I have my website hosted on S3 with CloudFront as a CDN, and I need these two URLs to behave the same and to serve the index.html file within the directory:
example.com/directory
example.com/directory/
The one with the / at the end incorrectly prompts the browser to download a zero byte file with a random hash for the name of the file. Without the slash it returns my 404 page.
How can I get both paths to deliver the index.html file within the directory?
If there's a way I'm "supposed" to do this, great! That's what I'm hoping for, but if not I'll probably try to use Lambda#Edge to do a redirect.

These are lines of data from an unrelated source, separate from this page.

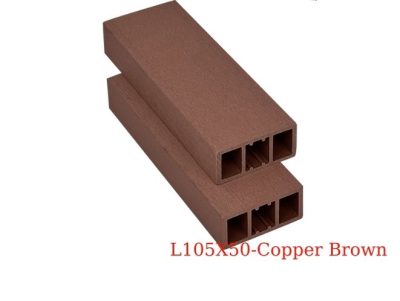 THANH LAM GỖ NHỰA L105X50 CB 105x50mm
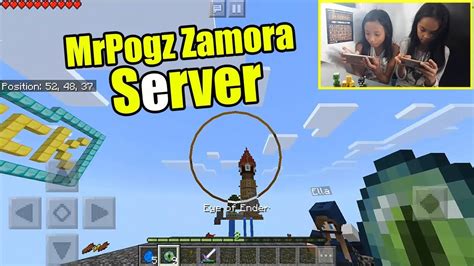 Check spelling or type a new query. MrPogz Zamora Minecraft Server | Lucky Block Survival ...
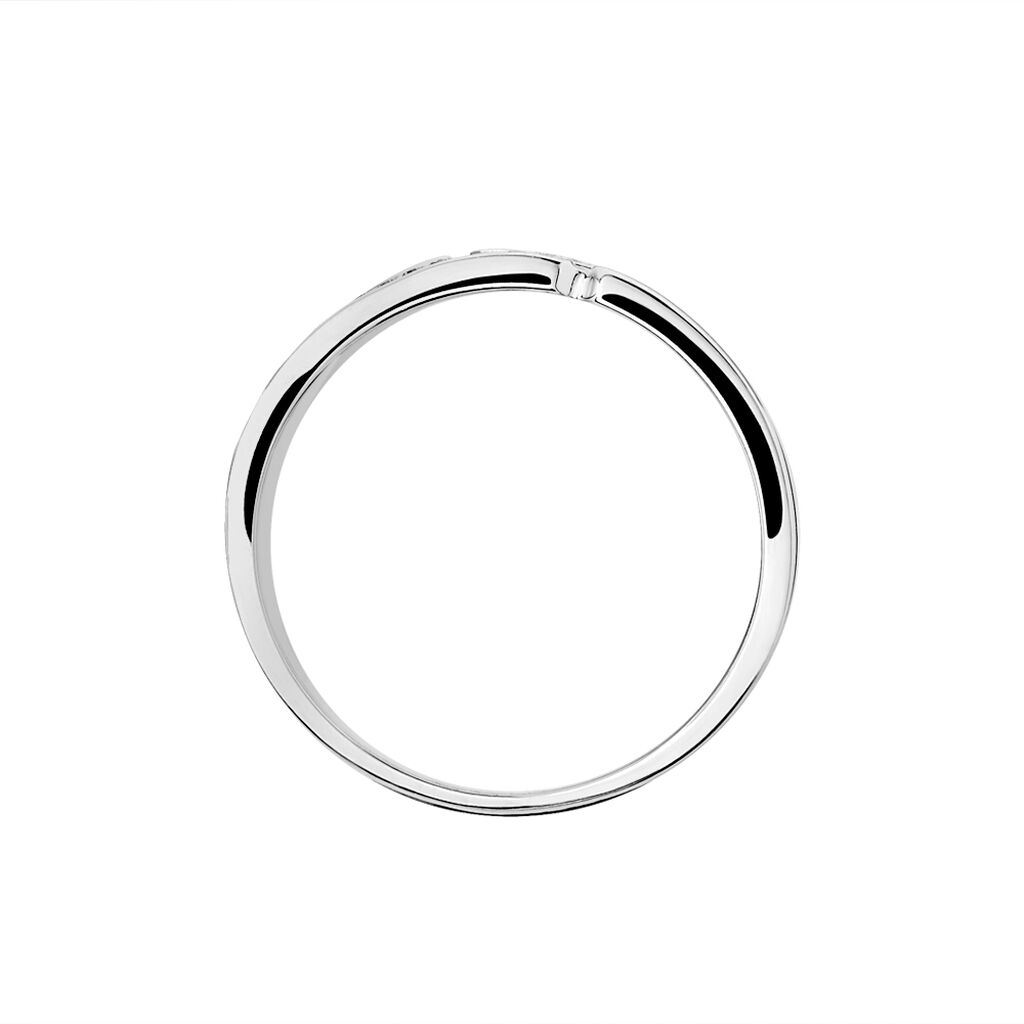 Bague Sophia Or Blanc Diamant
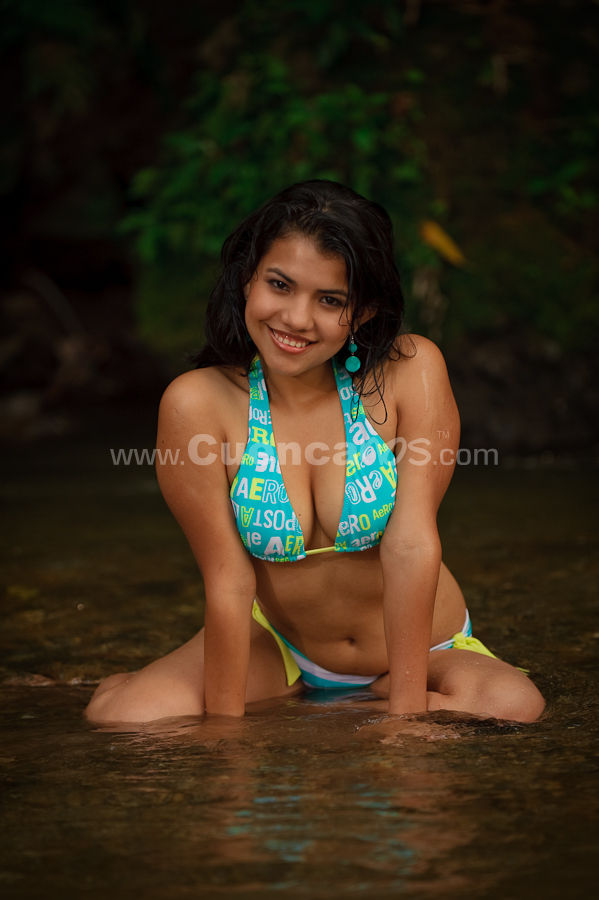 Candidatas a Reina de Sucua 2009 2010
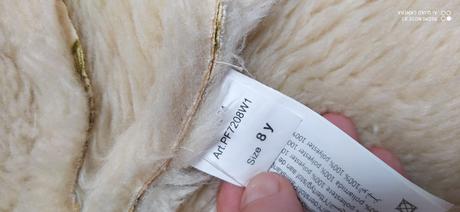 Kožuch paul frank, 128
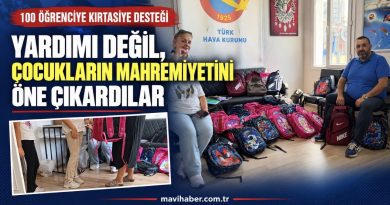 Davranışı takdir topladı Davranışı takdir topladı
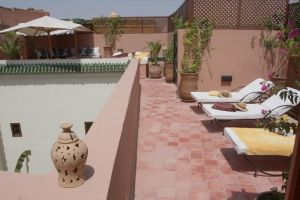 Riad Petit Karmela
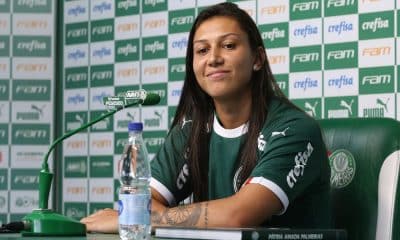 Bia Zaneratto Palmeiras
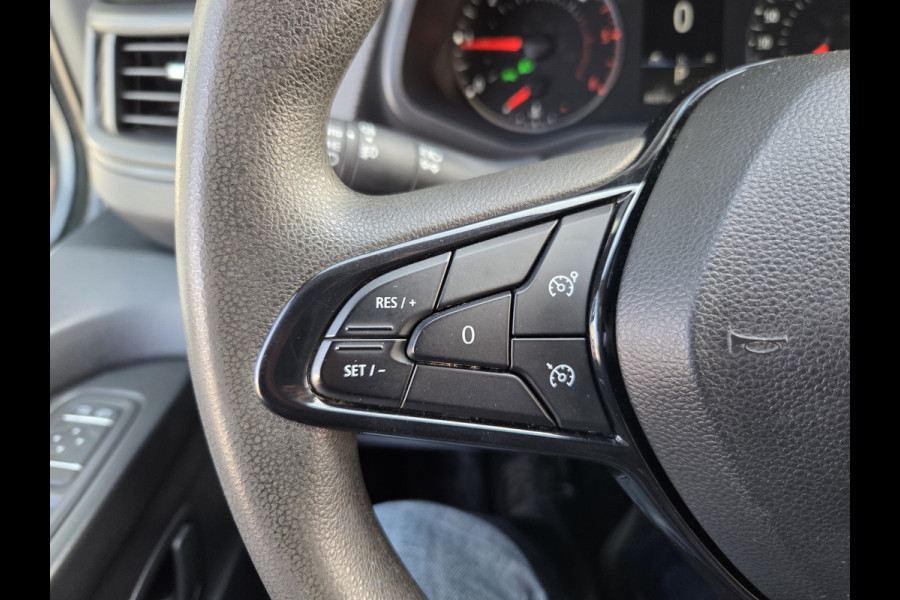 Renault Trafic 2.0 Blue dCi 150 Pk AUTOMAAT L2 Airco PDC Cruisecontrol Achteruitrijcamera Verwarmde stoel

I need that for some other situations anyway, so some instructions on how to do a 301 or 302 redirect from Lambda#Edge would be helpful too : )
Update (as per John Hanley's Comment)
curl -i https://www.example.com/directory/
HTTP/2 200
content-type: application/x-directory
content-length: 0
date: Sat, 12 Jan 2019 22:07:47 GMT
last-modified: Wed, 31 Jan 2018 00:44:16 GMT
etag: "[id]"
accept-ranges: bytes
server: AmazonS3
x-cache: Miss from cloudfront
via: 1.1 [id].cloudfront.net (CloudFront)
x-amz-cf-id: [id]
Update
CloudFront has one behavior set, forwarding http to https and sending the requests to S3. It also has a 404 error route under the errors tab.
S3 only offers automatic index documents when you've enabled and are using the web site hosting features of the bucket, by pointing to the bucket's website hosting endpoint, ${bucket}.s3-website.${region}.amazonaws.com rather than the generic REST endpoint of the bucket, ${bucket}.s3.amazonaws.com.
Web site endpoints and REST endpoints have numerous differences, including this one.
The reason you're seeing these 0-byte files for object keys ending in / is because you are creating folder objects in the bucket using the S3 console or another utility that actually creates the 0-byte objects. They aren't needed, once the folders have objects "in" them -- but they're the only way to display an empty folder in the S3 console, which displays an object named foo/ as a folder named foo, even if there are no other objects with a key prefix of foo/. It's part of the visual emulation of a folder hierarchy in the console, even though objects in S3 are never really "in" folders.
If for some reason you need to use the REST endpoint -- such as you don't want to make the bucket public -- then you need two Lambda#Edge triggers in CloudFront, to emulate this functionality fairly closely.
An Origin Request trigger can inspect and modify requests after the CloudFront cache is checked, before the request is sent to the origin. We use this to check for a path ending in / and append index.html if we find that.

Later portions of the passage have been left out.